LUIS  ALONSO RICO PUERTA  

Magistrado  Ponente  

STC5166-2023  

Radicación  n° 13001-22-13-000-2023-00215-01  

(Aprobado  en sesión del treinta y uno de mayo de dos mil veintitrés)  

Bogotá,  D.C., treinta y uno (31) de mayo de dos mil veintitrés (2023).  

Decide  la Corte la impugnación formulada frente a la sentencia  proferida por la Sala  Civil Familia del Tribunal Superior del Distrito Judicial de  Cartagena el  11 de mayo de 2023, dentro de la acción de tutela promovida  por Epifania  Mulet Guerrero contra  el Juzgado  Segundo Civil del Circuito de esa ciudad,  trámite al cual fueron vinculados  el  Centro  de Conciliación, Arbitraje y Amigable Composición  “Talid” y la sociedad Carpego S.A.S., así como las  partes e intervinientes en el asunto n° 2002-00049.  

ANTECEDENTES  

1.        La  convocante,  obrando en nombre propio, reclamó la protección de los  derechos fundamentales al debido proceso, acceso a la administración  de justicia y «vivienda  digna»,  presuntamente vulnerados por la autoridad enjuiciada.  

2.        Del  escrito introductor y los medios de prueba recopilados, se extractan  los siguientes hechos jurídicamente relevantes:  

Scotiabank  Colpatria S.A., -hoy cesionario Carpego S.A.S.-  promovió  hipotecario contra Epifania Mulet Guerrero y otra, cuyo conocimiento  correspondió al Juzgado Segundo Civil del Circuito de  Cartagena, quien el 23 de julio de 2019, fijó fecha para el  remate, diligencia que se llevó a cabo el 27 de agosto de 2019  y fue aprobada en auto del 12 de noviembre de esa misma anualidad,  adjudicando el bien objeto del litigio a la sociedad allí  querellante.  

Posteriormente,  en decisión del 5 de diciembre de 2022, el Centro  de Conciliación, Arbitraje y Amigable Composición  “Talid”  dio inicio al trámite de insolvencia de persona natural no  comerciante, impulsado por la aquí libelista; en ese orden, la  referida entidad le notificó al estrado encartado dicho  procedimiento y solicitaron «tener  en cuenta los efectos señalados en el numeral 1 del artículo  545 del CGP, en el sentido de suspender los procesos de naturaleza  ejecutiva».  
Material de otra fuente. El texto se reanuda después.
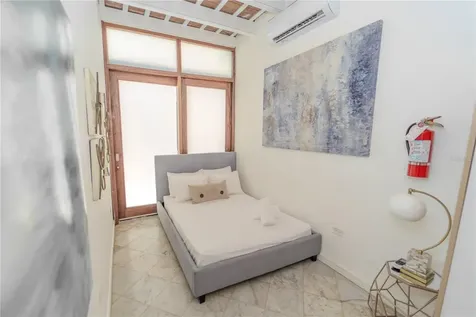 152 Sol Street Old San Juan PR 00901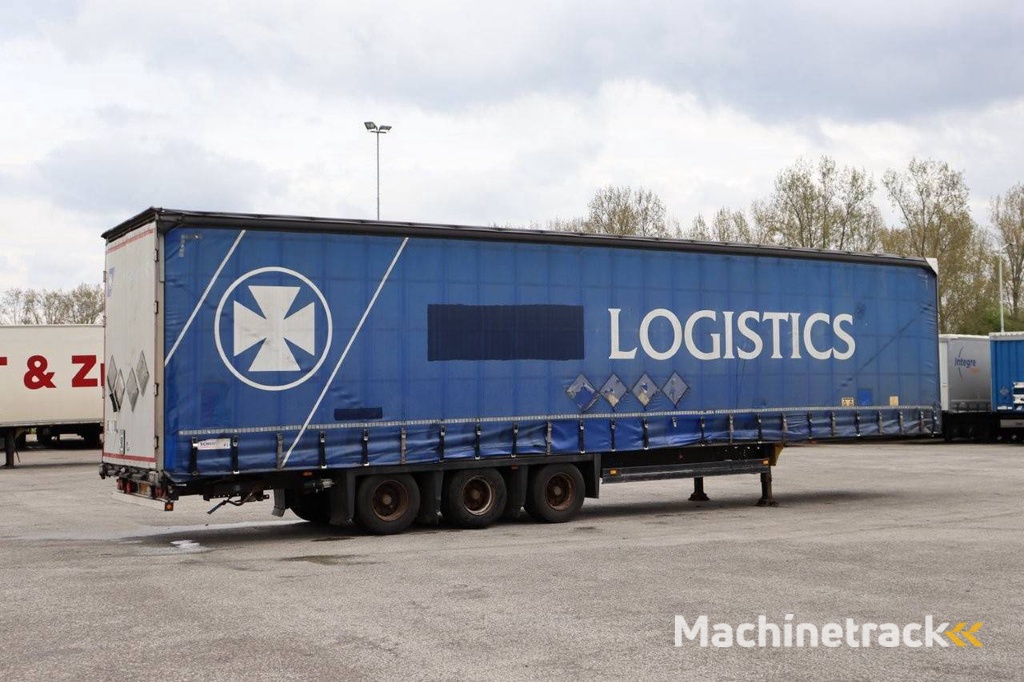 Schmitz Cargobull SCB*S3T 2013 sliding tarpaulin trailer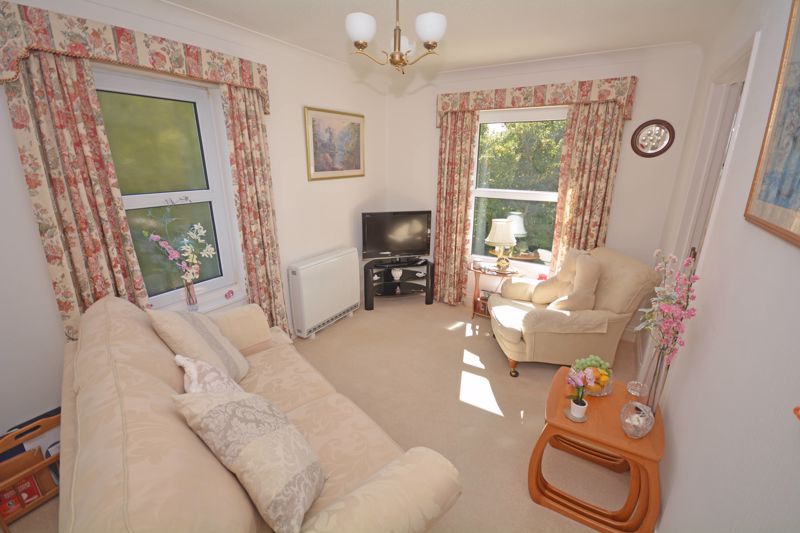 Glenside Court Torquay TQ1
Adicional  a ello, la gestora requirió al cognoscente para que procediera  a oficiar a «la  ORIP para que se abstenga de registrar el auto aprobatorio del remate  del inmueble identificado con FMI 060-20836»;  sin embargo, en proveído del 19 de enero de 2023, la agencia  judicial fustigada negó ambos pedimentos, pues consideró  que «a  la fecha en que se aceptó el trámite de insolvencia ya  el bien inmueble no era de propiedad de la demandada».  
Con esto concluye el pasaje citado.